----- Provided information
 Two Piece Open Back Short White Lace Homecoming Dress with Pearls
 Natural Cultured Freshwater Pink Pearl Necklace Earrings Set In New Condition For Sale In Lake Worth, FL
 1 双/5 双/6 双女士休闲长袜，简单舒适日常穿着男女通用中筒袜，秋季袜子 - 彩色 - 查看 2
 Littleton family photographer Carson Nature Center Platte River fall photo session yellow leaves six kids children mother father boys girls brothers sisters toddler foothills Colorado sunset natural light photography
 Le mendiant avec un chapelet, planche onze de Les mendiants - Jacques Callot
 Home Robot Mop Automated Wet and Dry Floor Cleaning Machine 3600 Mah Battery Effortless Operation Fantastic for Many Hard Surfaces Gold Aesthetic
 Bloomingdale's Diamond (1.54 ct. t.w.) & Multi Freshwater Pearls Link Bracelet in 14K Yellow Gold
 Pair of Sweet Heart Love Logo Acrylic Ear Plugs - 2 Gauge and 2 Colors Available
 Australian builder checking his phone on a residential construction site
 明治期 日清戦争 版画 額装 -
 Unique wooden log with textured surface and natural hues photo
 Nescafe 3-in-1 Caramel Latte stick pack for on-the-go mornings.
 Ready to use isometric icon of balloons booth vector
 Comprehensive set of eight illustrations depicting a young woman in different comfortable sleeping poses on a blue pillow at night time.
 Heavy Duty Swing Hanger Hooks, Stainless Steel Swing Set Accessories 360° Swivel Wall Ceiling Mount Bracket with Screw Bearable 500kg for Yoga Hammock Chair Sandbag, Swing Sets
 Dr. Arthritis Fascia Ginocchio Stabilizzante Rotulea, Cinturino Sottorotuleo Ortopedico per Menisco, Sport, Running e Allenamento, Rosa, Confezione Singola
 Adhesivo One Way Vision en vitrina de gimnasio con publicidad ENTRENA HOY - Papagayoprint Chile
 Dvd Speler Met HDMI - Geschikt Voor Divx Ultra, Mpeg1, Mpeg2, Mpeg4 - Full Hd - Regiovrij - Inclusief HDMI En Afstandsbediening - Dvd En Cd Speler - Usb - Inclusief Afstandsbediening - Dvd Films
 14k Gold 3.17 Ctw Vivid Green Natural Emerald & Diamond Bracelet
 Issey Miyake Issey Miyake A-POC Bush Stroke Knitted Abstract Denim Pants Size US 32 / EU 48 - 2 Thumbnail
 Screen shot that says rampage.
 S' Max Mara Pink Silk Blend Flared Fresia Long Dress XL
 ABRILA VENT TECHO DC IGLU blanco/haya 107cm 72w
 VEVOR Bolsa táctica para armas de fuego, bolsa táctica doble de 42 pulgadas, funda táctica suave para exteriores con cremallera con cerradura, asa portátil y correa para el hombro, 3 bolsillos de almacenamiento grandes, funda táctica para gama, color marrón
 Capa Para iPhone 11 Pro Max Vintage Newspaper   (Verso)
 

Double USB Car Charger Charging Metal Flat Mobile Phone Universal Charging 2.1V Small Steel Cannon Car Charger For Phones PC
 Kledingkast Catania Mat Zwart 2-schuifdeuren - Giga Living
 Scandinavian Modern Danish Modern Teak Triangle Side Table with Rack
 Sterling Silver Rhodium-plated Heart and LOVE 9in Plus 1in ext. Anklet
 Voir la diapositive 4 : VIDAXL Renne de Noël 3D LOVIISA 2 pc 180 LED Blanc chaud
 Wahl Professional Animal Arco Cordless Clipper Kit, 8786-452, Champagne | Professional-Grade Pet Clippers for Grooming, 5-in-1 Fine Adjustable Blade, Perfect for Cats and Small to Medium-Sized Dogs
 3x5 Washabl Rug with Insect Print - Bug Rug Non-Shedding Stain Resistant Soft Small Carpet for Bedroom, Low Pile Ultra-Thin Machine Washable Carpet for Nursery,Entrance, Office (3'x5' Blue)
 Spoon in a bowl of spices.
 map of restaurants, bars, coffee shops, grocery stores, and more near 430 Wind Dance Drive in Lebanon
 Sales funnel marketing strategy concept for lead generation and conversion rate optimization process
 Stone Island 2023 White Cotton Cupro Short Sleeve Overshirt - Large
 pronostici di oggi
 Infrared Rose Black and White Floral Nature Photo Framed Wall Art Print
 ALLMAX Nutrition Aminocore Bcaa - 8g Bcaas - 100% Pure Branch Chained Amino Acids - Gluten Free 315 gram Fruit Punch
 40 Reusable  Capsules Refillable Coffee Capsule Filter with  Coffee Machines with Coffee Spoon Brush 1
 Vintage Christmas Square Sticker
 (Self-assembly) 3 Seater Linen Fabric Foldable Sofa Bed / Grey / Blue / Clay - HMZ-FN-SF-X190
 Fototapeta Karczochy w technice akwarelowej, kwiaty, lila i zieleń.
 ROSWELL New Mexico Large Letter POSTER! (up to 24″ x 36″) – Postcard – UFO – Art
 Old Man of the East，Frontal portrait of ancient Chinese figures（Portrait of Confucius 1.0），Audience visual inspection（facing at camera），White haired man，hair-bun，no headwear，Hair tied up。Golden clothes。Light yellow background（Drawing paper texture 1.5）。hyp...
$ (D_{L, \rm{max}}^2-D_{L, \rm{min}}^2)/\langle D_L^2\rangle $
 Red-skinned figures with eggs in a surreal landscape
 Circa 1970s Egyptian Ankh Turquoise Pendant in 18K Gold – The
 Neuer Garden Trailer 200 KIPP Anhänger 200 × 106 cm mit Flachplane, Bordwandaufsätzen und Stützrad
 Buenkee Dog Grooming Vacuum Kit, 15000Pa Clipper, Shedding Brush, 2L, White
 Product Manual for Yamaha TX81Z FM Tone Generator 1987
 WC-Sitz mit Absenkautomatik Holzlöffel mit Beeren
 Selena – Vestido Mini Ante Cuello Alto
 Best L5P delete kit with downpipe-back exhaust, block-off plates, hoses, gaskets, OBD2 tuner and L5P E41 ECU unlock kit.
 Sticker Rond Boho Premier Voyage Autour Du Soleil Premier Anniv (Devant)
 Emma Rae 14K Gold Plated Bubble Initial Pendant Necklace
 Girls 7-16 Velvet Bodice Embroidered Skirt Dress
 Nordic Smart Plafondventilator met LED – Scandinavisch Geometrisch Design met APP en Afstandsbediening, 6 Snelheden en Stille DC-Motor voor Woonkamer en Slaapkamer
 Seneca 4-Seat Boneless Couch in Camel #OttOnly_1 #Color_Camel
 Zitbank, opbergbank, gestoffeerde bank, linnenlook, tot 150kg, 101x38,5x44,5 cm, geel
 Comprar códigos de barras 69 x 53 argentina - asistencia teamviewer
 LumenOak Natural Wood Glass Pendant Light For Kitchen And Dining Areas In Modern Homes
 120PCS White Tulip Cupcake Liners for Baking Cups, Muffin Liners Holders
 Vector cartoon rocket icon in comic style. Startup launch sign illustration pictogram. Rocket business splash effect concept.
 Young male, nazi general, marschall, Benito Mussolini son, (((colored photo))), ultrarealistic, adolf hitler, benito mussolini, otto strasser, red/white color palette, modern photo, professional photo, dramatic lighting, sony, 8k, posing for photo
----------
Transcribe the records in full, so that each line reads exactly as before.

 Two Piece Open Back Short White Lace Homecoming Dress with Pearls
 Natural Cultured Freshwater Pink Pearl Necklace Earrings Set In New Condition For Sale In Lake Worth, FL
 1 双/5 双/6 双女士休闲长袜，简单舒适日常穿着男女通用中筒袜，秋季袜子 - 彩色 - 查看 2
 Littleton family photographer Carson Nature Center Platte River fall photo session yellow leaves six kids children mother father boys girls brothers sisters toddler foothills Colorado sunset natural light photography
 Le mendiant avec un chapelet, planche onze de Les mendiants - Jacques Callot
 Home Robot Mop Automated Wet and Dry Floor Cleaning Machine 3600 Mah Battery Effortless Operation Fantastic for Many Hard Surfaces Gold Aesthetic
 Bloomingdale's Diamond (1.54 ct. t.w.) & Multi Freshwater Pearls Link Bracelet in 14K Yellow Gold
 Pair of Sweet Heart Love Logo Acrylic Ear Plugs - 2 Gauge and 2 Colors Available
 Australian builder checking his phone on a residential construction site
 明治期 日清戦争 版画 額装 -
 Unique wooden log with textured surface and natural hues photo
 Nescafe 3-in-1 Caramel Latte stick pack for on-the-go mornings.
 Ready to use isometric icon of balloons booth vector
 Comprehensive set of eight illustrations depicting a young woman in different comfortable sleeping poses on a blue pillow at night time.
 Heavy Duty Swing Hanger Hooks, Stainless Steel Swing Set Accessories 360° Swivel Wall Ceiling Mount Bracket with Screw Bearable 500kg for Yoga Hammock Chair Sandbag, Swing Sets
 Dr. Arthritis Fascia Ginocchio Stabilizzante Rotulea, Cinturino Sottorotuleo Ortopedico per Menisco, Sport, Running e Allenamento, Rosa, Confezione Singola
 Adhesivo One Way Vision en vitrina de gimnasio con publicidad ENTRENA HOY - Papagayoprint Chile
 Dvd Speler Met HDMI - Geschikt Voor Divx Ultra, Mpeg1, Mpeg2, Mpeg4 - Full Hd - Regiovrij - Inclusief HDMI En Afstandsbediening - Dvd En Cd Speler - Usb - Inclusief Afstandsbediening - Dvd Films
 14k Gold 3.17 Ctw Vivid Green Natural Emerald & Diamond Bracelet
 Issey Miyake Issey Miyake A-POC Bush Stroke Knitted Abstract Denim Pants Size US 32 / EU 48 - 2 Thumbnail
 Screen shot that says rampage.
 S' Max Mara Pink Silk Blend Flared Fresia Long Dress XL
 ABRILA VENT TECHO DC IGLU blanco/haya 107cm 72w
 VEVOR Bolsa táctica para armas de fuego, bolsa táctica doble de 42 pulgadas, funda táctica suave para exteriores con cremallera con cerradura, asa portátil y correa para el hombro, 3 bolsillos de almacenamiento grandes, funda táctica para gama, color marrón
 Capa Para iPhone 11 Pro Max Vintage Newspaper   (Verso)
 

Double USB Car Charger Charging Metal Flat Mobile Phone Universal Charging 2.1V Small Steel Cannon Car Charger For Phones PC
 Kledingkast Catania Mat Zwart 2-schuifdeuren - Giga Living
 Scandinavian Modern Danish Modern Teak Triangle Side Table with Rack
 Sterling Silver Rhodium-plated Heart and LOVE 9in Plus 1in ext. Anklet
 Voir la diapositive 4 : VIDAXL Renne de Noël 3D LOVIISA 2 pc 180 LED Blanc chaud
 Wahl Professional Animal Arco Cordless Clipper Kit, 8786-452, Champagne | Professional-Grade Pet Clippers for Grooming, 5-in-1 Fine Adjustable Blade, Perfect for Cats and Small to Medium-Sized Dogs
 3x5 Washabl Rug with Insect Print - Bug Rug Non-Shedding Stain Resistant Soft Small Carpet for Bedroom, Low Pile Ultra-Thin Machine Washable Carpet for Nursery,Entrance, Office (3'x5' Blue)
 Spoon in a bowl of spices.
 map of restaurants, bars, coffee shops, grocery stores, and more near 430 Wind Dance Drive in Lebanon
 Sales funnel marketing strategy concept for lead generation and conversion rate optimization process
 Stone Island 2023 White Cotton Cupro Short Sleeve Overshirt - Large
 pronostici di oggi
 Infrared Rose Black and White Floral Nature Photo Framed Wall Art Print
 ALLMAX Nutrition Aminocore Bcaa - 8g Bcaas - 100% Pure Branch Chained Amino Acids - Gluten Free 315 gram Fruit Punch
 40 Reusable  Capsules Refillable Coffee Capsule Filter with  Coffee Machines with Coffee Spoon Brush 1
 Vintage Christmas Square Sticker
 (Self-assembly) 3 Seater Linen Fabric Foldable Sofa Bed / Grey / Blue / Clay - HMZ-FN-SF-X190
 Fototapeta Karczochy w technice akwarelowej, kwiaty, lila i zieleń.
 ROSWELL New Mexico Large Letter POSTER! (up to 24″ x 36″) – Postcard – UFO – Art
 Old Man of the East，Frontal portrait of ancient Chinese figures（Portrait of Confucius 1.0），Audience visual inspection（facing at camera），White haired man，hair-bun，no headwear，Hair tied up。Golden clothes。Light yellow background（Drawing paper texture 1.5）。hyp...
$ (D_{L, \rm{max}}^2-D_{L, \rm{min}}^2)/\langle D_L^2\rangle $
 Red-skinned figures with eggs in a surreal landscape
 Circa 1970s Egyptian Ankh Turquoise Pendant in 18K Gold – The
 Neuer Garden Trailer 200 KIPP Anhänger 200 × 106 cm mit Flachplane, Bordwandaufsätzen und Stützrad
 Buenkee Dog Grooming Vacuum Kit, 15000Pa Clipper, Shedding Brush, 2L, White
 Product Manual for Yamaha TX81Z FM Tone Generator 1987
 WC-Sitz mit Absenkautomatik Holzlöffel mit Beeren
 Selena – Vestido Mini Ante Cuello Alto
 Best L5P delete kit with downpipe-back exhaust, block-off plates, hoses, gaskets, OBD2 tuner and L5P E41 ECU unlock kit.
 Sticker Rond Boho Premier Voyage Autour Du Soleil Premier Anniv (Devant)
 Emma Rae 14K Gold Plated Bubble Initial Pendant Necklace
 Girls 7-16 Velvet Bodice Embroidered Skirt Dress
 Nordic Smart Plafondventilator met LED – Scandinavisch Geometrisch Design met APP en Afstandsbediening, 6 Snelheden en Stille DC-Motor voor Woonkamer en Slaapkamer
 Seneca 4-Seat Boneless Couch in Camel #OttOnly_1 #Color_Camel
 Zitbank, opbergbank, gestoffeerde bank, linnenlook, tot 150kg, 101x38,5x44,5 cm, geel
 Comprar códigos de barras 69 x 53 argentina - asistencia teamviewer
 LumenOak Natural Wood Glass Pendant Light For Kitchen And Dining Areas In Modern Homes
 120PCS White Tulip Cupcake Liners for Baking Cups, Muffin Liners Holders
 Vector cartoon rocket icon in comic style. Startup launch sign illustration pictogram. Rocket business splash effect concept.
 Young male, nazi general, marschall, Benito Mussolini son, (((colored photo))), ultrarealistic, adolf hitler, benito mussolini, otto strasser, red/white color palette, modern photo, professional photo, dramatic lighting, sony, 8k, posing for photo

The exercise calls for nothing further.